Nachdem der Geschäftsführer des Handelsverbands, Rainer Will, am Mittwoch dafür plädierte, die Möglichkeit der telefonischen Krankmeldungen abzuschaffen, zumal "die Ein- bis Drei-Tages-Krankenstände um bis zu 50 Prozent gestiegen" seien, kontert am Donnerstag die Gewerkschaft. Barbara Teiber, Vorsitzende der GPA, ortet einen "unverschämten Generalverdacht", dem jede Grundlage fehle. "Der vom Geschäftsführer des Handelsverbandes Rainer Will erhobene Vorwurf, Handelsbeschäftigte würden die Möglichkeit der telefonischen Krankmeldung zu ihren Gunsten missbrauchen, ist ein unverschämter Generalverdacht, dem jede Grundlage fehlt", wird Teiber in einer Aussendung zitiert.

Will habe gegenüber Medien in den Raum gestellt, Beschäftigte würden die Möglichkeit, sich telefonisch krankzumelden, ausnutzen und somit die angespannte Personalsituation im Handel weiter verschärfen, so Teiber. "Abgesehen davon, dass diese Möglichkeit ohnehin nur noch eingeschränkt existiert, ist dieser Generalverdacht entschieden zurückzuweisen. Wir hören im Gegenteil vermehrt von Fällen, wo Beschäftigte krank zur Arbeit gehen, um ihre Kolleg:innen nicht im Stich zu lassen." Wenn es ein Problem mit vermehrten Krankenständen im Handel gebe, "dann ist das ganz wesentlich dem durch Personalnot hervorgerufenen Stress und krank machenden Arbeitsbedingungen geschuldet", so Teiber.

AK: "90 Prozent der Beschäftigten gehen krank arbeiten"

Auch die Arbeiterkammer (AK) übte Kritik. "Wir wissen aus einer AK-Befragung, dass 90 Prozent der Beschäftigten krank arbeiten gehen", sagte AK-Direktorin Silvia Hruška-Frank. Dass der Handelsverband die Beschäftigten unter Generalverdacht stelle, krank zu feiern, weil Kurzzeit-Krankenstände zugenommen haben, ist aus Sicht der AK nicht akzeptabel. "Eine Branche, die händeringend Personal sucht, ist nicht gut beraten, ihre Beschäftigten derart zu diskreditieren", so Hruška-Frank.

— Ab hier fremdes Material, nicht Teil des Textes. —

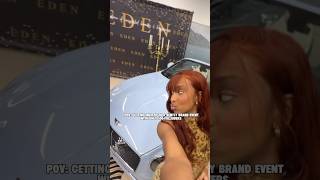 SMALL CREATORS ARE STILL WINNING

"Telefonische Krankmeldung nicht schuld"

Und auch Andreas Huss, der Obmann der Arbeitnehmerinnen und Arbeitnehmer in der Österreichischen Gesundheitskasse (ÖGK), meldet sich in der Debatte zu Wort: "In den letzten Tagen wird über ein grundsätzlich gestiegenes Krankenstandsaufkommen in Österreich berichtet. Diese Entwicklung war bei Auslaufen der Quarantäneregelung schon absehbar, denn seit 1. August 2022 gilt eine Corona-Erkrankung nicht mehr als Absonderung nach dem Epidemiegesetz, sondern als normaler Krankenstand und schlägt sich auch in der Krankenstandsstatistik nieder", so Huss.

Er betont: "Die Arbeitnehmerinnen und Arbeitnehmer gehen wie immer in den letzten Jahren sehr sorgsam mit dem Krankenstand um. Der jährliche Fehlzeitenreport zeigt das auch jedes Jahr wieder genau auf." Aber man müsse "auch akzeptieren, dass mit einer zusätzlichen Krankheit in der Infektionssaison zusätzliche Krankenstände auftreten". Das dürfe "auf keinen Fall den Arbeitnehmerinnen und Arbeitnehmern angelastet werden und für politische Spielchen zur Verschlechterung der Arbeitsbedingungen missbraucht werden", so Huss in einer Aussendung. Die telefonische Krankmeldung sei "jedenfalls nicht schuld an den gestiegenen Krankenstandszahlen. Denn die gilt seit Sommer 2022 nur mehr für Corona-Verdachtsfälle."